Palestinian factions, except the Islamic Jihad, have agreed on a statehood initiative that implicitly recognizes Israel's right to exist, official sources said yesterday.

The sources said President Mahmoud Abbas and Prime Minister Ismail Haniyeh have reached the agreement on a political document, penned by Palestinian prisoners in Israeli jails, implicitly recognizes Israel.

The agreement came after factions meeting in Gaza, a senior aide to Abbas said, adding "all the obstacles were removed and an agreement was reached on all the points of the prisoners' document."

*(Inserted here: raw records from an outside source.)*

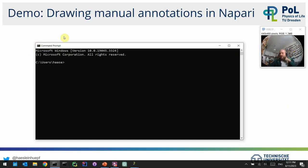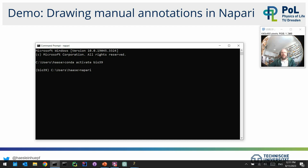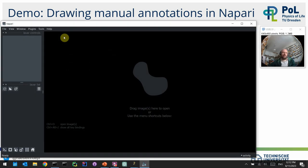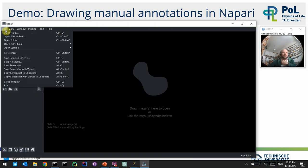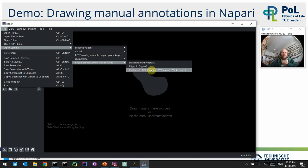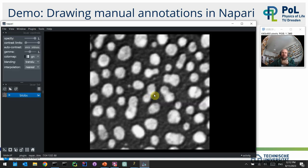To start Napari, you typically start from the terminal by first activating a conda environment with `conda activate` — in my case the environment is called a specific name, but on your computer it might be different. Then you enter `napari` to start Napari from the terminal. It's very common to start it this way. Then Napari will open, and you can load an example image from the menu — for instance, the blobs image.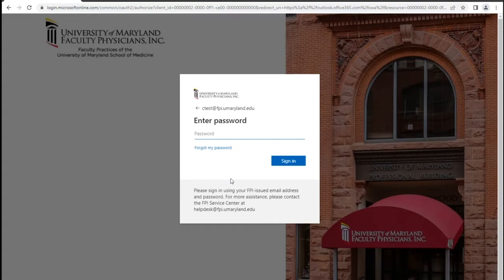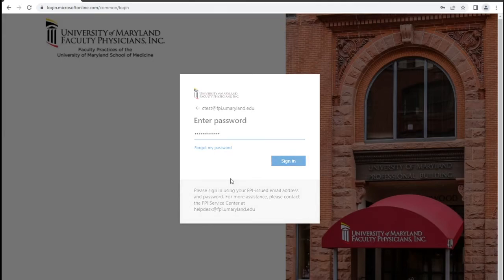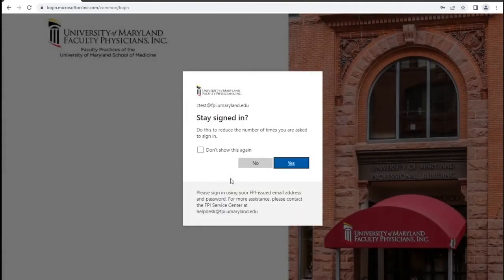Enter your LAN password and click Sign In. You may be prompted to stay signed in — please select the option you desire.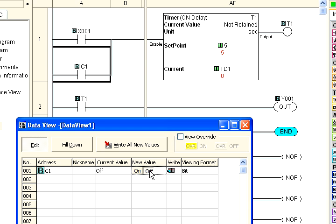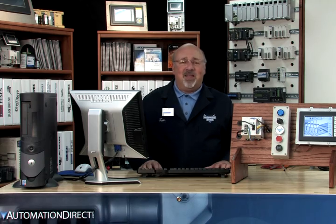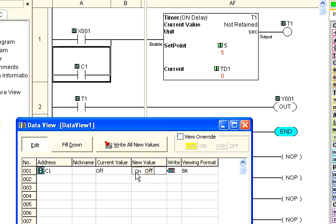In other words, we can toggle the C1 bit on and off by double clicking on the opposite state of the new value button. Here we go. While watching the Qlik CPU Y001 output, double click the on button in the new value column of the C1 entry, shown here. After 5 seconds, you will see the red LED come on.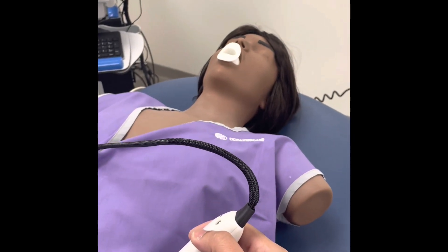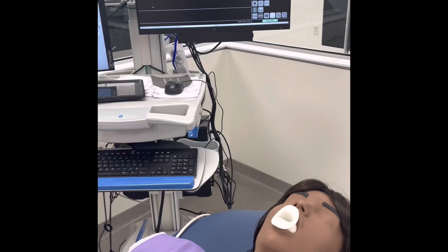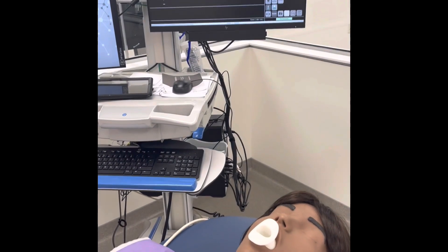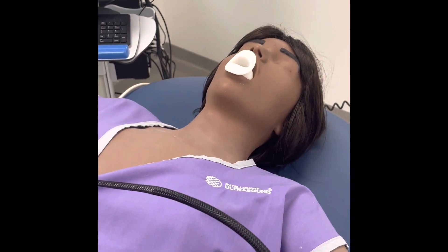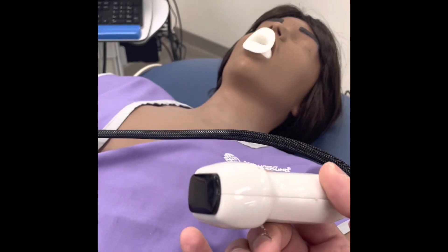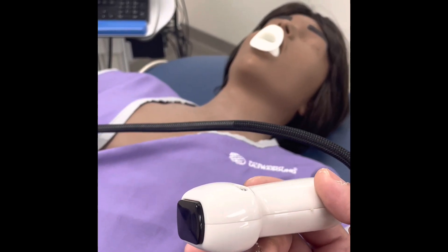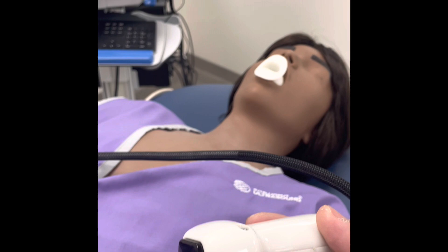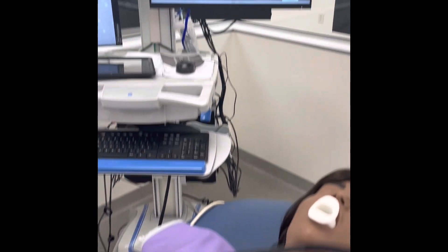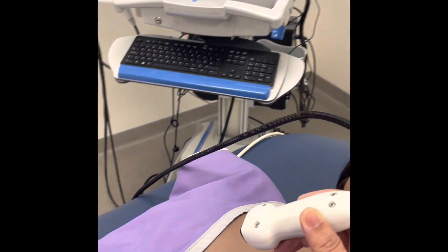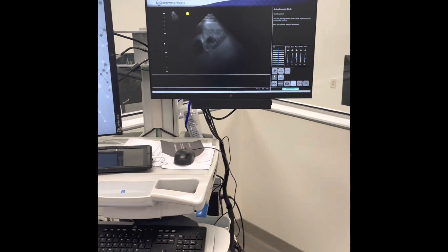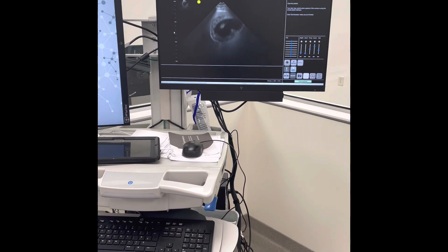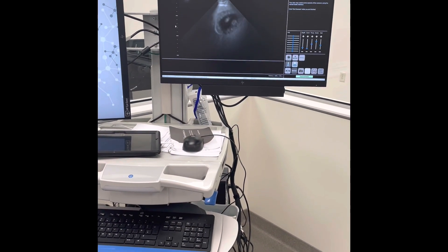This is Maya, a high-fidelity mannequin for doing all kinds of ultrasonography. If I want to do a TTE, I would do a TTE on Maya just like I would do on any normal person.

A spokesman of the ruling Islamic Resistance Movement (Hamas) confirmed the agreement, saying the two sides would formally announce the deal later in the day.

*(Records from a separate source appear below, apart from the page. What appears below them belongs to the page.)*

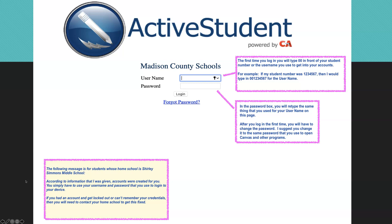Next, you have the password box. You will retype the same number that you typed in the username into this box. So, if my username was 001234567, then the password will be 001234567.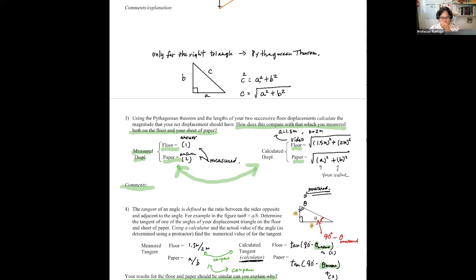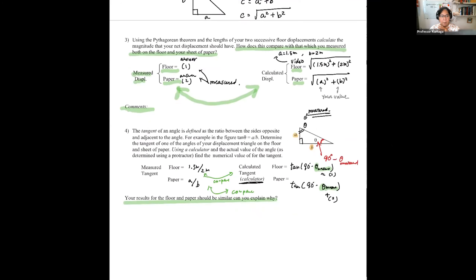The Pythagorean theorem: A squared plus B squared equals C squared. For the video, 1.5 meters squared plus 2 meters squared gives the net displacement. Similarly apply Pythagorean theorem to the triangle you drew on paper, then compare your answers and make a discussion.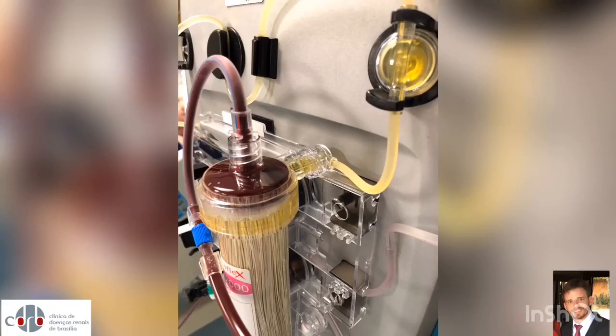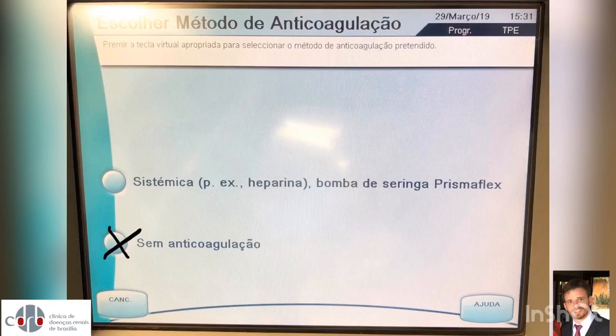Therapeutic plasma exchange tutorial. Select your anticoagulation strategy.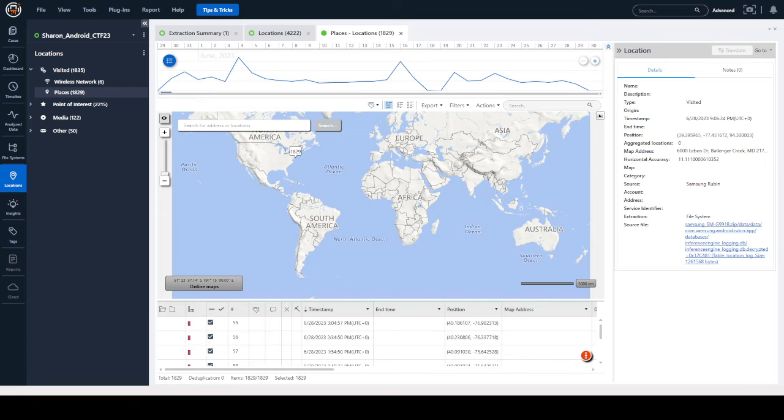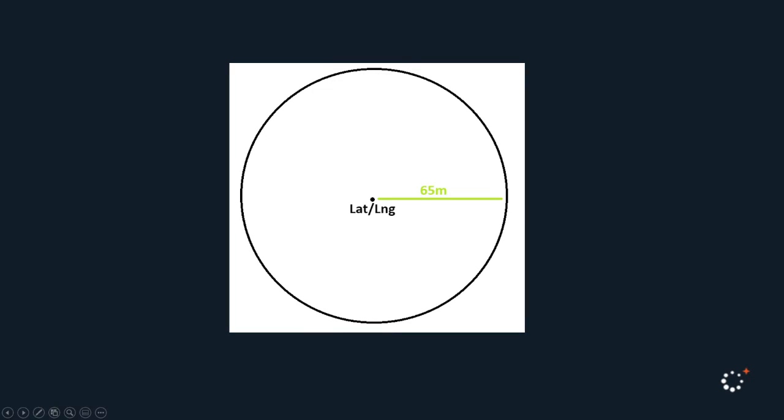Now Ian Withen did something to make this even easier because a lot of people email us about this. If we take a look at this simple circle, what this is showing is that when we list a horizontal accuracy within PA Ultra,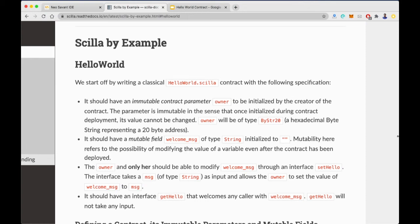Welcome back. In this video, we'll actually write the code for the Hello World Scylla contract, but first we need to understand what this contract actually does. This contract has two transitions: setHello and getHello. SetHello allows the owner of the contract to modify the mutable variable welcome_message, and getHello is an interface that welcomes any caller with the welcome message.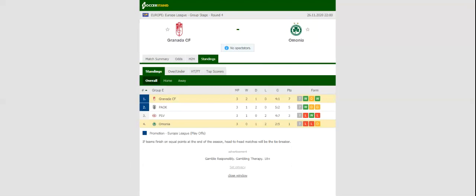Granada will be looking to move one step closer to booking their place in Europa League last 32 when they play host to Omonia at their stadium on Thursday evening.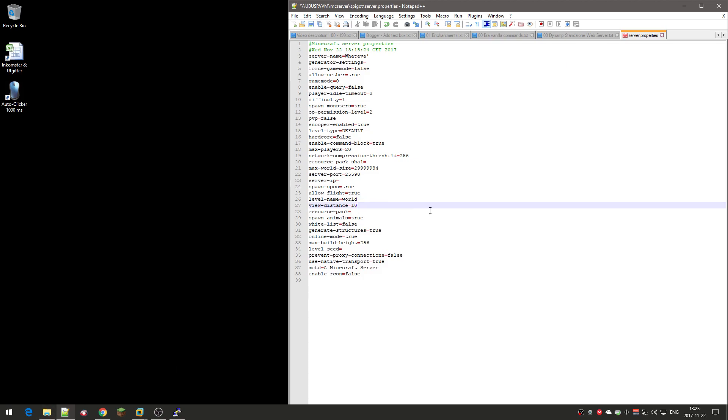View distance, in the game itself is called render distance I think. I suggest you keep it at 10 actually, because if you go above 10 it starts to be a bit laggy and slow the server. So keep it at 10.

Khader Habib, an Islamic Jihad leader in Gaza also told reporters that the national and Islamic factions, including the ruling Hamas, Fatah and other parties agreed on the document. However, Habib said that his movement still has its own reservation on certain clauses that came in the document that includes eighteen clauses that decides the future of the Palestinian cause.

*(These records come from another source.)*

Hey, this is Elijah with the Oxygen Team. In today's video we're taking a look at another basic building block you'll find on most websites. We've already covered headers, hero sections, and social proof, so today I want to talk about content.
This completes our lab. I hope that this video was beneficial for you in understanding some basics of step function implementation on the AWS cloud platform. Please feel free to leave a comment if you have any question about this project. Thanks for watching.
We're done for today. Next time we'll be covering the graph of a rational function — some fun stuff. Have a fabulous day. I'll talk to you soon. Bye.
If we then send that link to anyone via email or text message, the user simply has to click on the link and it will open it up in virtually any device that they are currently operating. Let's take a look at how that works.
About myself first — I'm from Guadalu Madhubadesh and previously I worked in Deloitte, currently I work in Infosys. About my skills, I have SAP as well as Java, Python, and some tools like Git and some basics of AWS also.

Meanwhile, Salleh Zeidan, a senior Democratic Front for the Liberation of Palestine (DFLP) leader, expected that both Palestinian President Mahmoud Abbas and Prime Minister Haniyeh, also a senior Hamas leader, would convene later Tuesday. He told reporters that an agreement on the document would be signed by all the factions that participated in the national dialogue and would be sponsored by both President Abbas and Prime Minister Haneya.

The Palestinian National Dialogue Committee convened in Gaza on Tuesday to finalize the agreement, said Zeidan, adding that both Abbas and Haneya would be signing on it.

Signing the agreement on the prisoners' document would widely open the door for forming a national collation government instead of the Hamas-led one, said Zeidan.

The document of national accordance issued by the prisoners in Israeli jails called on establishing a Palestinian state on the Palestinian territories occupied by Israeli in 1967, side-by-side with the state of Israel.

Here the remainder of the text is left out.